Sebagai contoh BUMDes Lentera atau Lendang Nangka Sejahtera di Desa Lendang
Nangka, Kecamatan Masbagik, Kabupaten Lombok Timur.
BUMDes
Lentera mengelola sejumlah unit usaha, antara lain perusahaan air minum (PAM)
Desa, mengolah sampah, pertokoan, jasa penyewaan alat dan unit pengelolaan
tempat rekreasi atau wisata. Dalam pengelolaan unit usaha PAM Desa (PAMDes),
BUMDes Lentera berhasil mengukir prestasi tingkat nasional. PAMDes Asih Tigasa,
yang merpakan unit usaha di bawah BUMDes Lentera yang mengelola usaha air
minum. BUMDes Lentera meraih predikat BUMDes terbaik nasional untuk kategori
inovatif, karena dinilai berhasil mengelola perusahaan air minum dengan tarif
relatif kecil, yakni hanya Rp200 untuk 1 meter kubik air. Menurut Rusman, BUMDes
berprestasi di NTB tidak hanya BUMDes Lentera, tetapi juga BUMDes Calabai di
Kabupaten Dompu yang berhasil mengelola unit usaha pasar desa, sehingga
berkembang cukup baik. Selain itu juga unit usaha pertokoan dan menyalurkan
pupuk kepada para petani.
"Saya
menilai unit usaha pupuk ini cukup potensial, karena BUMDes bisa menyetok dan
melayani para petani di desanya, sehingga mereka tidak mengalami kesulitan
memperoleh sarana produksi (saprodi) pada saat musim tanam," kata Rusman.

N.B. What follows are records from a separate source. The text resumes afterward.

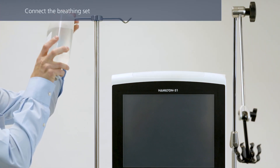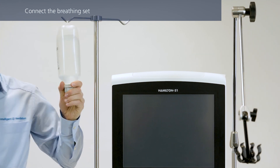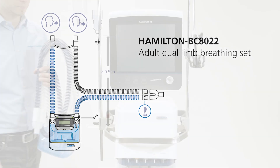Install a water bag or bottle above the humidifier. Choose the correct breathing circuit according to the patient group or selected treatment. The following information applies if you are using the Hamilton BC8022 breathing circuit or any other double limb heated breathing circuit.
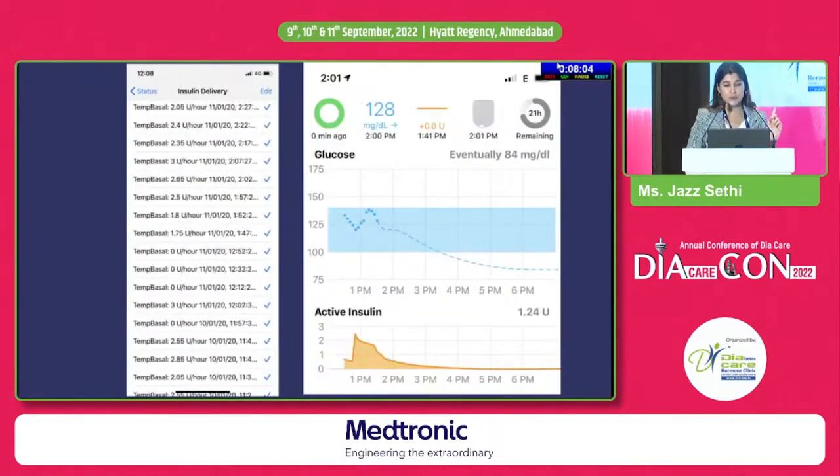This is what my dashboard looks like. In the insulin delivery view, every three minutes or so the temporary basal is changing — that is just not possible on a pump or on MDI. Every few minutes based on my values, the temporary basal is changing. When it says zero, that means it's suspended. So I was running high, it gave me more insulin; now it's coming low, so it suspended it again. It's absolute magic.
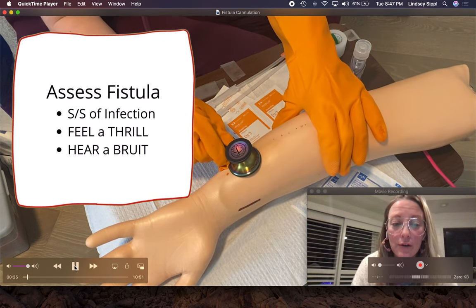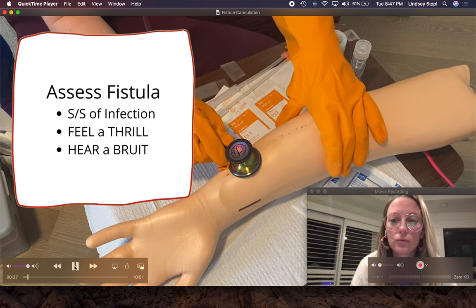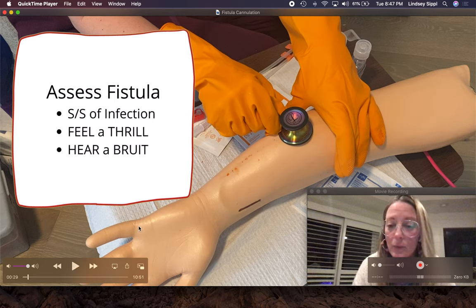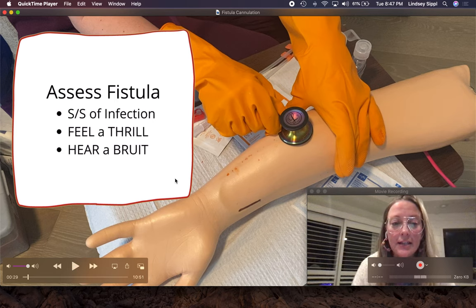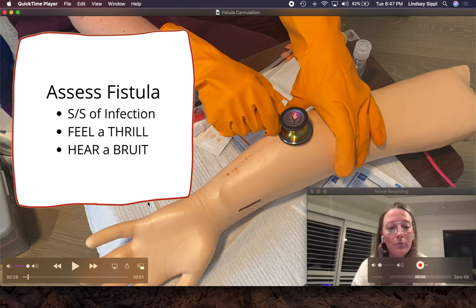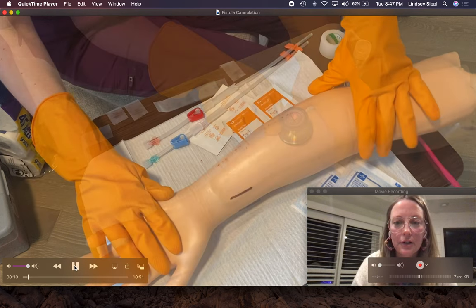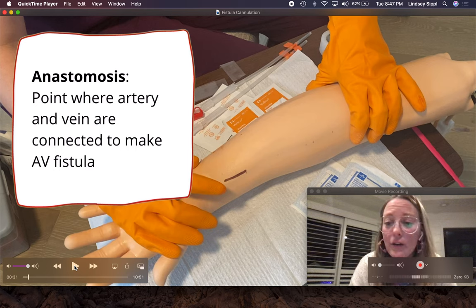Next, I'm going to hear a bruit. I'm going to listen for any whistling, any decrease in the thrill or bruit, and any significant changes — I am going to notify the provider. If I do not hear a thrill or a bruit, I am not going to cannulate, because that fistula is not working and you will just get blood clots.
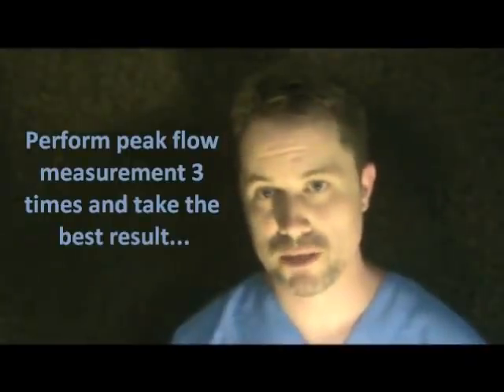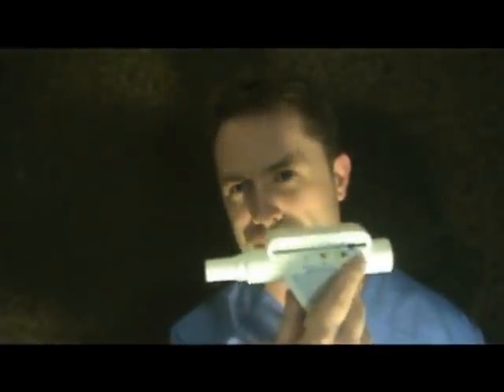That one's about 630. You want to do that two more times and take the best out of three. Move the marker back, take a deep breath in, make sure nothing's blocking — that one's about 550. Repeat again — that one's about 650. So 650 was the best out of the three. It just so happens my predicted was 600, but I blew 650, so that's what I want to base all my future green, yellow, and red ranges on. Always go with your best reading.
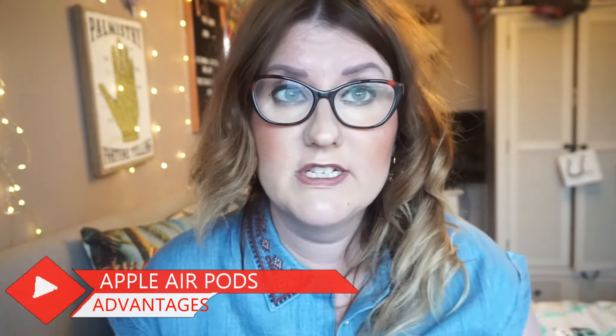Let me just go through the pros and cons of the Apple AirPods. Starting with the pros — the sound quality is absolutely superb, honestly probably the best sound quality of all the earphones I've ever bought. To be fair, I've never bought any earphones that cost as much as these, so I couldn't compare them to other expensive ones like Beats. I've always owned cheap ones or the ones you get free with the phone.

Untuk unit usaha pariwisata, Rusman mencontohkan objek wisata di Bilabante,
Kabupaten Lombok Tengah, yang dikelola oleh BUMDes dan cukup berhasil. Di objek
wisata itu pengunjung bisa bersepeda mengelilingi areal persawahan, kemudian
masuk kampung untuk membeli kerajinan dan di lokasi itu tersedia homestay
tempat istirahat. Untuk menikmati objek wisata ini wisatawan harus membayar
antara Rp150.000 hingga Rp225.000. "Dana tersebut masuk ke desa. Karena
itu kalau tempat wisata dikelola dengan baik maka akan menghasilkan keuntungan
untuk BUMDes dan masyarakat sekitarnya," kata Rusman.
Impian
Pemerintah Provinsi NTB untuk menjadikan BUMDes sebagai "holding
company" bak gayung bersambut dengan kebijakan pemerintah pusat melalui
Kementerian Desa Pembangunan Daerah Tertinggal dan Transmigrasi (KemenDes PDTT)

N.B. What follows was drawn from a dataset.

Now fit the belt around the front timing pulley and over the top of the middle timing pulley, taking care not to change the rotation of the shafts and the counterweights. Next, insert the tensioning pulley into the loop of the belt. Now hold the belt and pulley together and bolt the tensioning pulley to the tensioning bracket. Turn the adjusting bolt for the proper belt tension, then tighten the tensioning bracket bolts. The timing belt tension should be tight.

yang telah membentuk holding company BUMDes skala nasional pada Juni 2017.
Menteri
Desa Eko Putro Sandjojo mengatakan pembentukan holding BUMDes ini untuk
mendorong pengembangan ekonomi desa secara merata. "BUMDes ini, supaya
bisa berkembang, maka perlu adanya “holding” di tingkat nasional. Supaya bisa
mendapatkan pendampingan yang sama. Karena BUMDes yang sukses punya resources
(sumber daya)," ujarnya waktu itu. BUMDes merupakan badan usaha di mana
seluruh atau sebagian besar modalnya dimiliki desa melalui penyertaan secara
langsung dari kekayaan desa yang dipisahkan. Undang-undang Nomor 6 tahun 2014
tentang desa menyebutkan fungsi BUMDes adalah mengelola aset, jasa pelayanan
maupun usaha lain untuk sebesar-besarnya kesejahteraan masyarakat desa.

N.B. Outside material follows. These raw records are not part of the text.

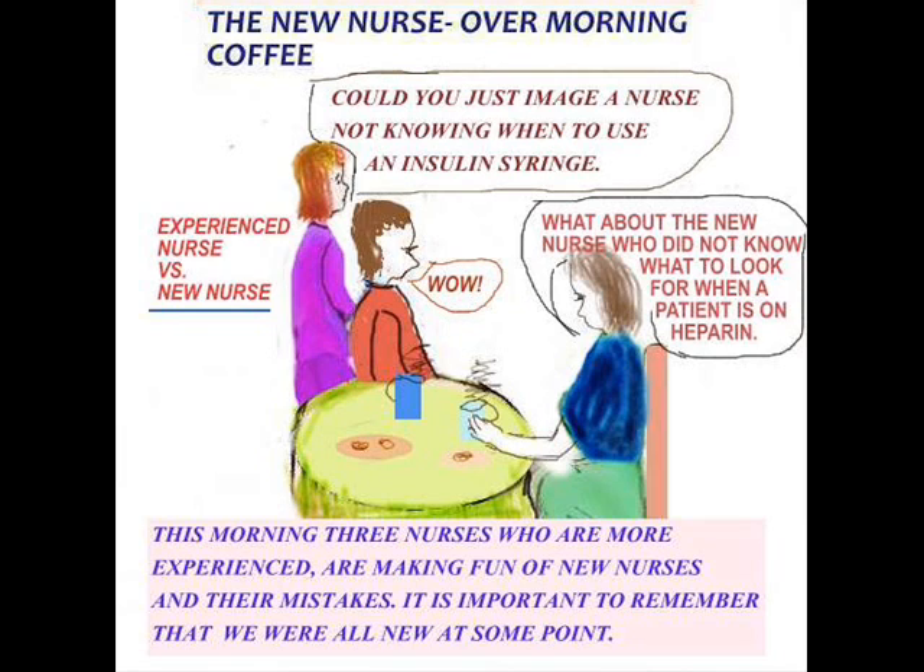Could you just imagine, one says, a nurse not knowing when to use an insulin syringe — and then the other chips in: what about the nurse who did not know what to look for when a patient is on heparin? Even when you are not a new nurse, it's very possible to do the wrong thing if you're not familiar with an area, a medication, or the policies and procedures of that unit. So nobody's ever excluded.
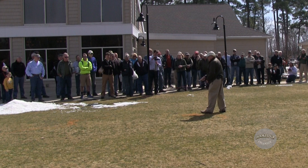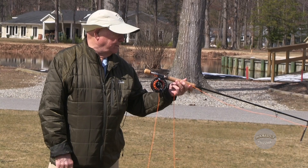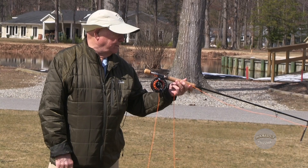There is one difference I'll explain, but you cast them the same way. If you had a spinning lure and you laid it down here on the ground, you could not cast this spinning lure until you make it move. God will not let you cast the fly line — principle number one — until you move the end of the line.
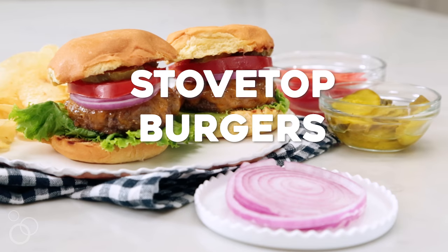Hey guys, it's Becky from the cookie recipe, and today I'm so excited we're making stove top burgers. I am a big believer that you don't need a fancy grill or hot temperatures outside to make the best burger in the world.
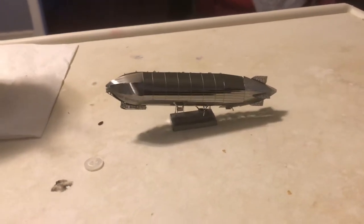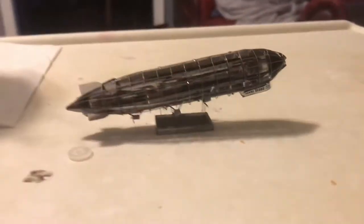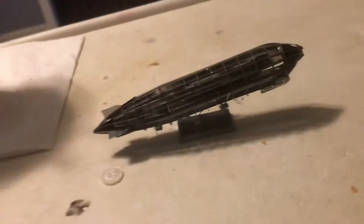I did this a long time ago. It's basically the Graf Zeppelin by Metal Earth. It's kind of small, it's all metal, with a little base and little propellers.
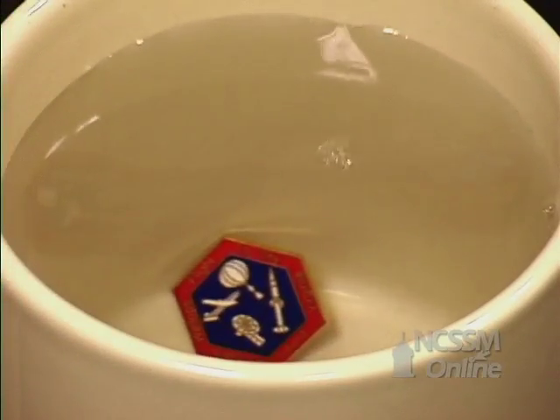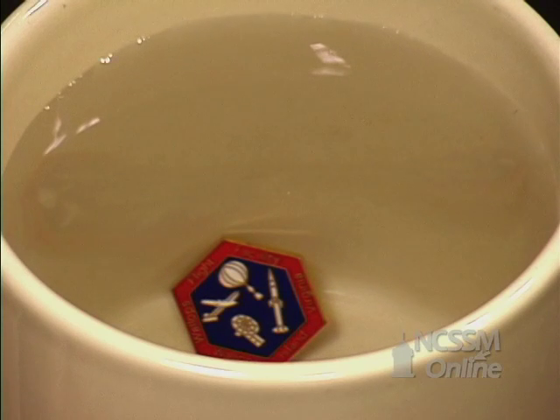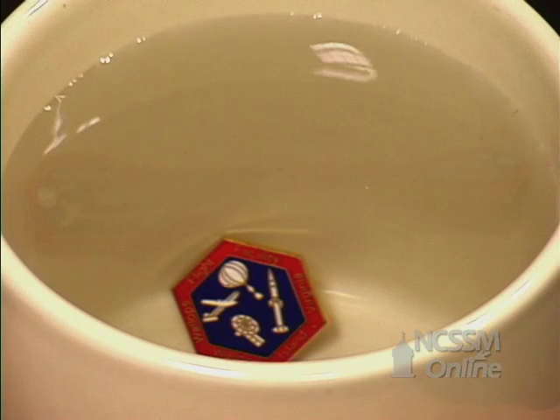What happens is light strikes the surface going at the speed of light in air, but when it hits the water, it slows down. And as it does, it bends. That's what allows you to see the pin in the bottom that you couldn't see before — it's because the light is bent in the water.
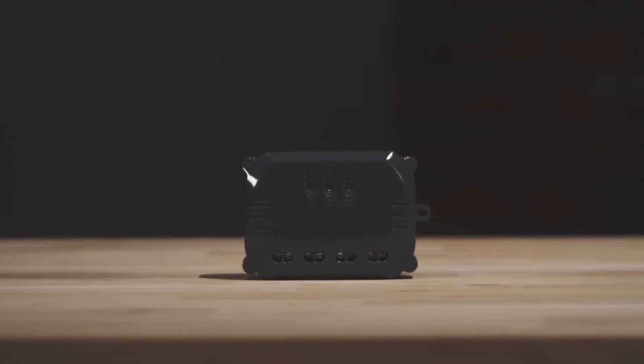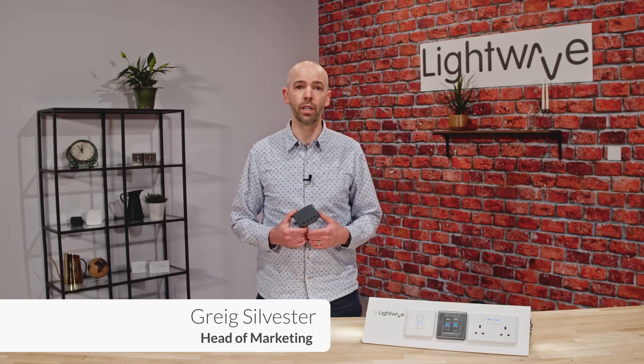This is the L83 relay, which can control three individual circuits all in one, and each circuit appears in the app as an individual device tile.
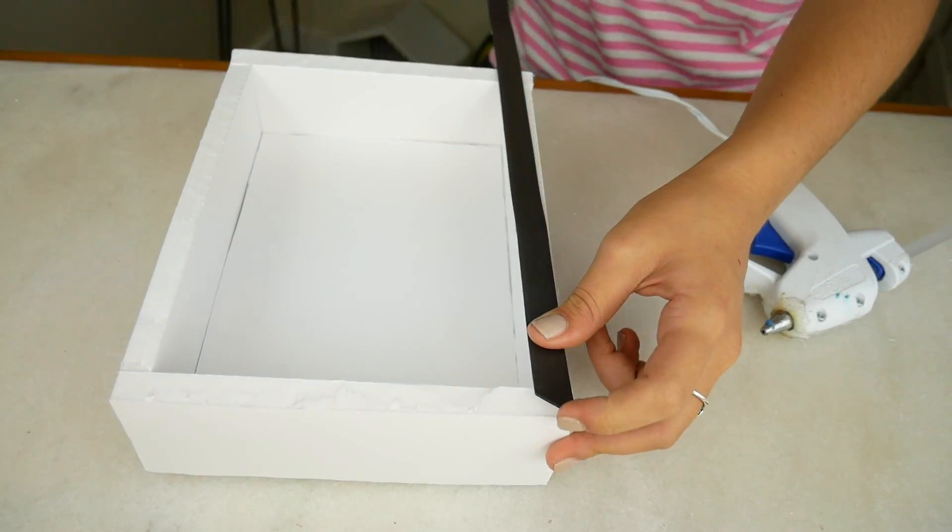Time to break out the magnet strip. We will be putting it around the rim of the box. This stuff is so cool — it's sticky on one side so you can stick it pretty much anywhere. I'm going to give it a little extra stickiness and put some hot glue on it. Now let's cut it to fit.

Pemerintah pusat menyarankan kepada pemerintah tingkat desa agar tidak hanya
menggunakan dana desa yang dikucurkan langsung dari pusat untuk pembangunan
infrastruktur, tapi juga untuk membentuk dan mengembangkan BUMDes.
Khusus
untuk BUMDes, Menteri Desa, Pembangunan Daerah Tertinggal, dan Transmigrasi
(Mendes PDTT) Eko Putro Sandjojo menjelaskan, BUMDes sejatinya sudah ada
sebelum pemerintahan Joko Widodo. Tapi dulu jumlahnya baru sekitar 2.000-an dan
sekarang menjadi 18.000 BUMDes dengan segala dorongan yang dilakukan
pemerintah. Namun tidak semua BUMDes telah terhasil dengan baik. Dari 18
ribu-an BUMDes hanya sekitar 4 ribuan yang benar-benar aktif dan membukukan
keuntungan puluhan juta sampai yang di atas Rp 10 miliar. “Banyak desa yang
tidak mempunyai sumber daya manusia yang mampu mengelola BUMDes sehingga banyak
yang belum berjalan dengan baik,” kata Eko. Untuk mengatasi persoalan tersebut
pemerintah pun lanjutnya membentuk PT. Mitra BUMDes Nusantara (MBN) yang
bertujuan menjadi mitra pendamping BUMDes di desa-desa. MBN sendiri dimiliki
oleh beberapa perusahaan BUMN yang mempunyai produk yang di jual ke desa
seperti Pertamina, Pupuk Indonesia, Bulog, Danareksa, RNI, Perhutani dan
sebagainya.
MBN
sedianya akan membentuk PT. Mitra BUMDes desa (MBD) di setiap desa. MBD
kepemilikannya adalah 51% milik MBN. Kemudian BUMDes dengan Rp 49 juta dapat
memiliki 49% saham MBD. Eko menuturkan, selain untuk pendampingan di semua
desa, keberadaan MBN juga untuk mencegah terjadinya moral hazard karena negara
melalui MBN memiliki saham mayoritas. Selanjutnya, ada tujuan afirmasi
nantinya, karena semua produk subsidi yang diproduksi oleh perusahaan-perushaan
BUMN akan disalurkan ke desa-desa melalui MBD. “Sehingga MBD mempunyai bisnis
utama yang dapat dijadikan bread and butter nya untuk survive dan mengembangkan
usaha lainnya,” lanjutnya.
Eko
mengharapkan nantinya MBD bisa berkembang membantu koperasi-koperasi, seperti
koperasi distribusi, koperasi angkutan, koperasi paska panen dan sebagainya.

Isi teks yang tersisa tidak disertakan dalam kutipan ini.